Except for the pictures, reproduce the records word for word.

-*-*-

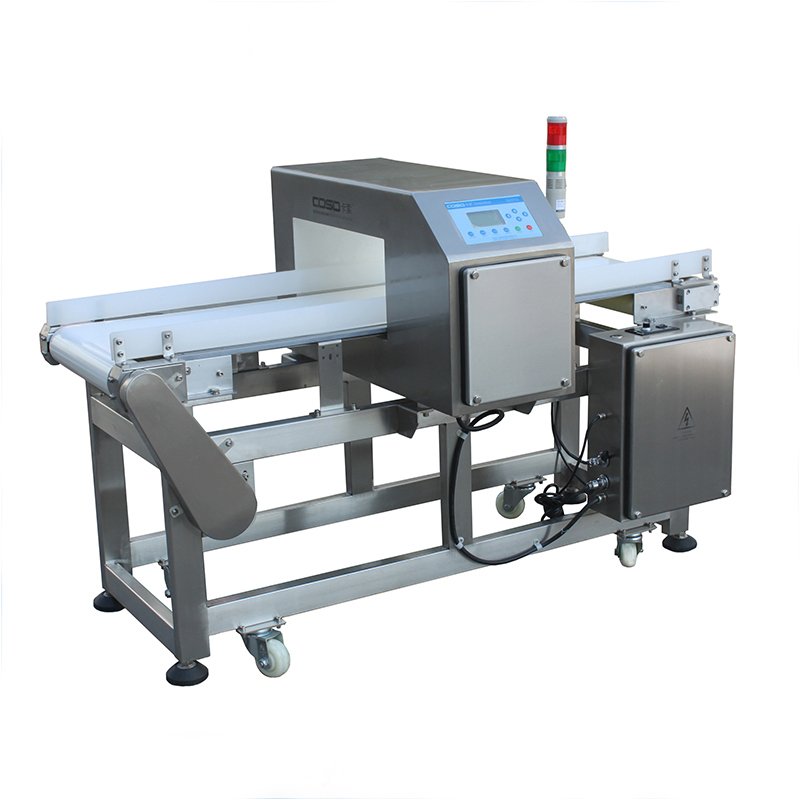 High Sensitivity Food Metal Detector Machine Manufacturer for Food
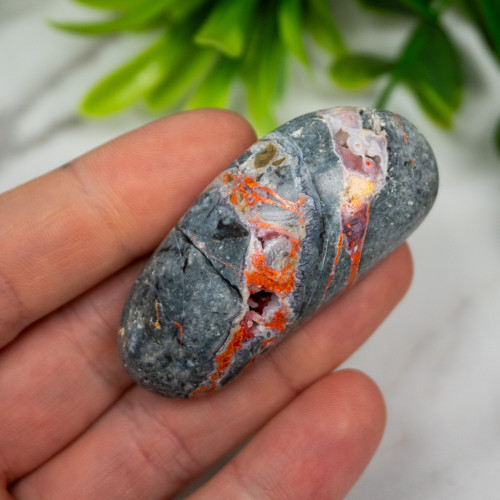 Magma Chalcedony Polished #6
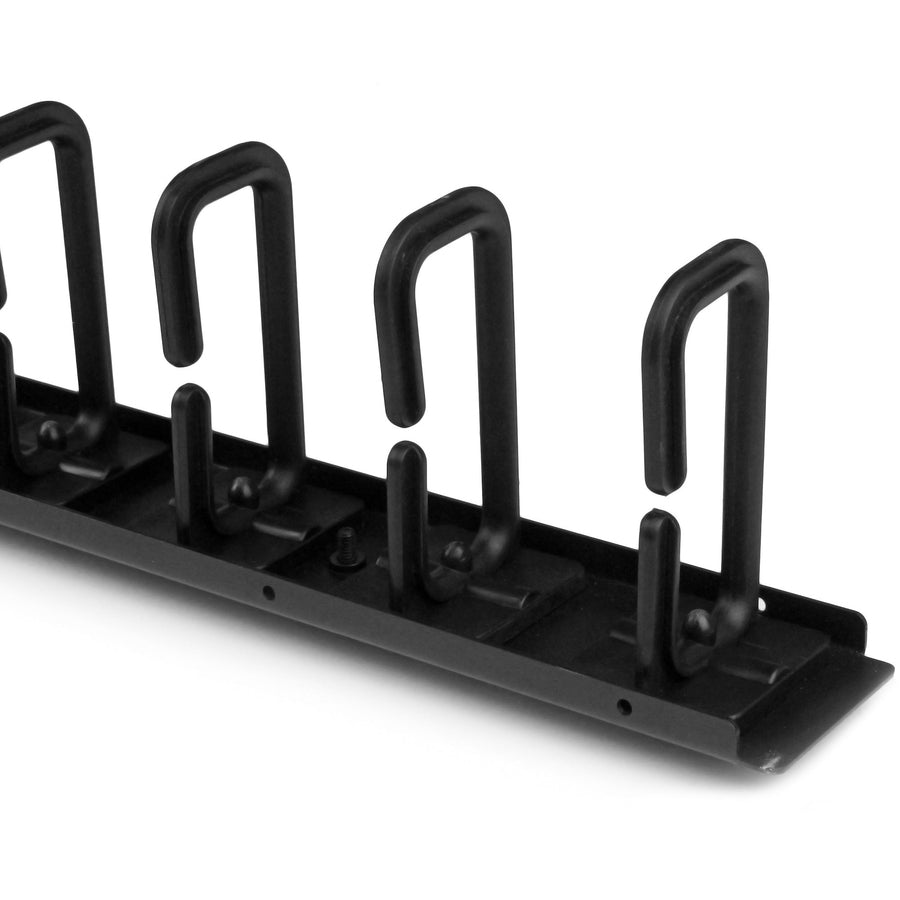 Startech.Com Vertical Cable Organizer With D-Ring Hooks - 0U - 3 Ft.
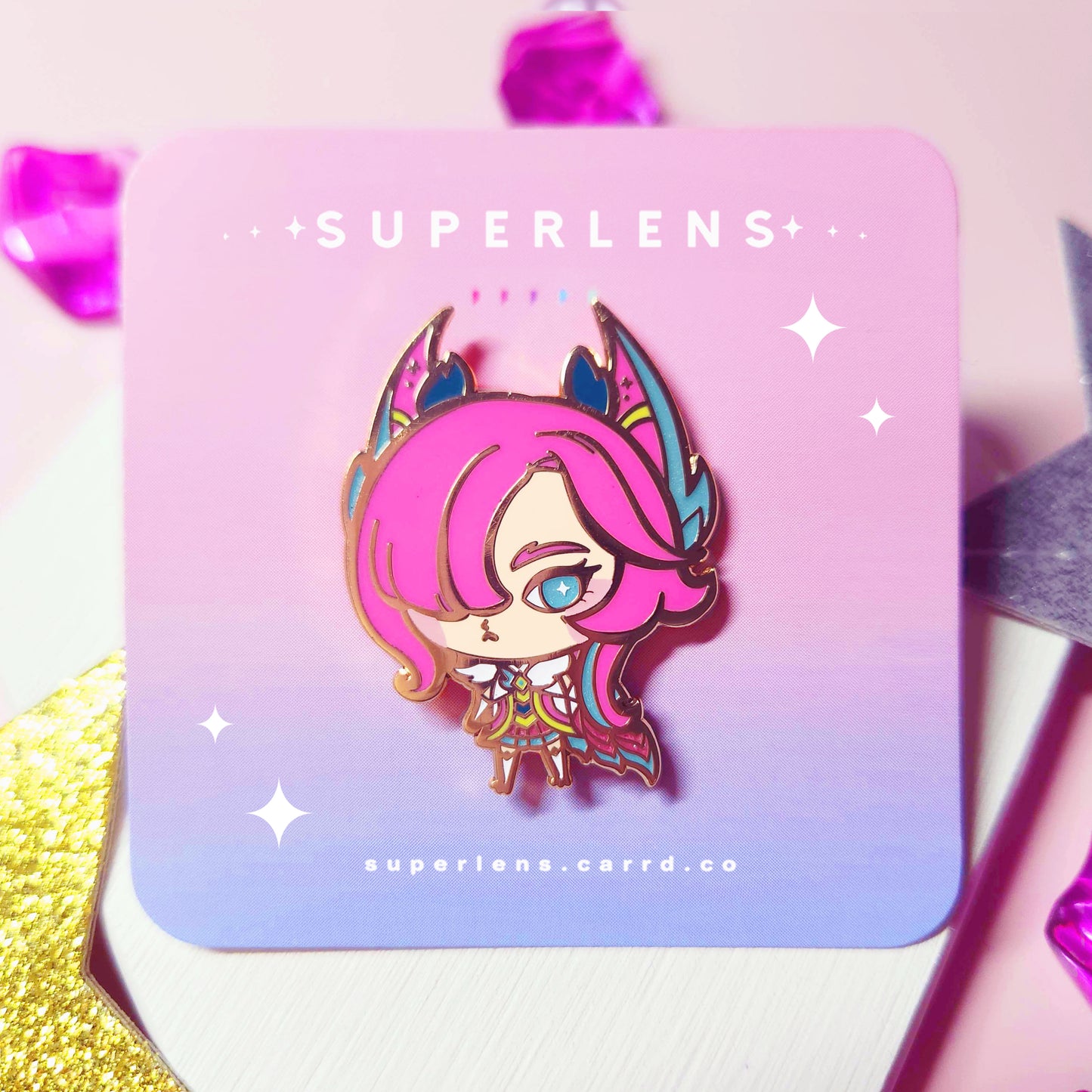 Super Games: StarGuardian Pins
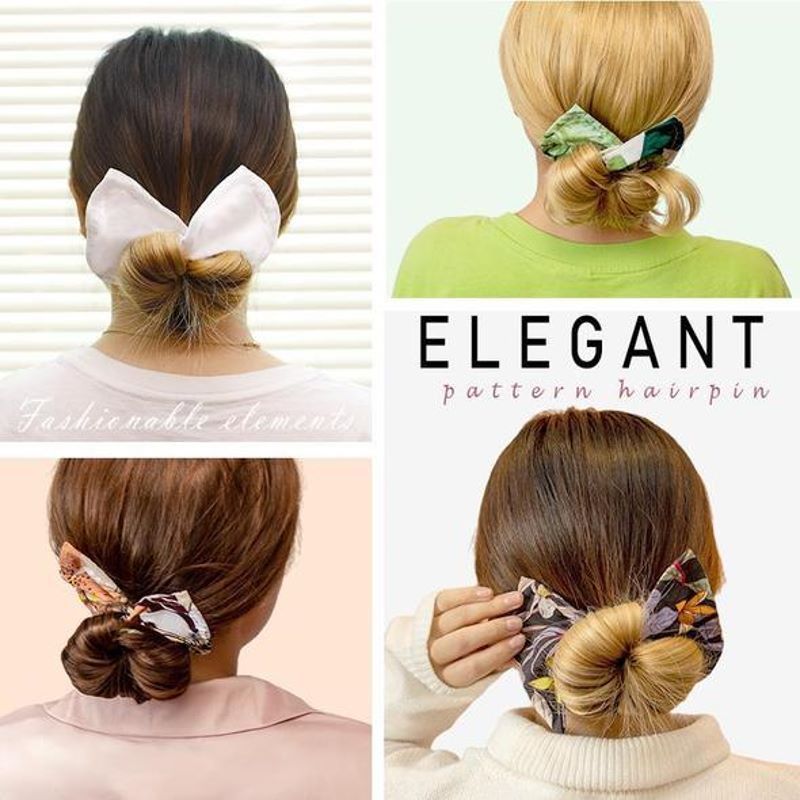 Deft Hair Bun Hair Accessories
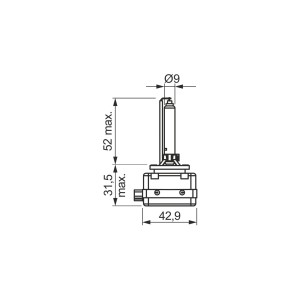 1987302850 D1S ECO HID ΧΕΝΟΝ ΛΑΜΠΤΗΡΑΣ B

-*-*-

Reply to the task:
 High Sensitivity Food Metal Detector Machine Manufacturer for Food
 Magma Chalcedony Polished #6
 Startech.Com Vertical Cable Organizer With D-Ring Hooks - 0U - 3 Ft.
 Super Games: StarGuardian Pins
 Deft Hair Bun Hair Accessories
 1987302850 D1S ECO HID ΧΕΝΟΝ ΛΑΜΠΤΗΡΑΣ B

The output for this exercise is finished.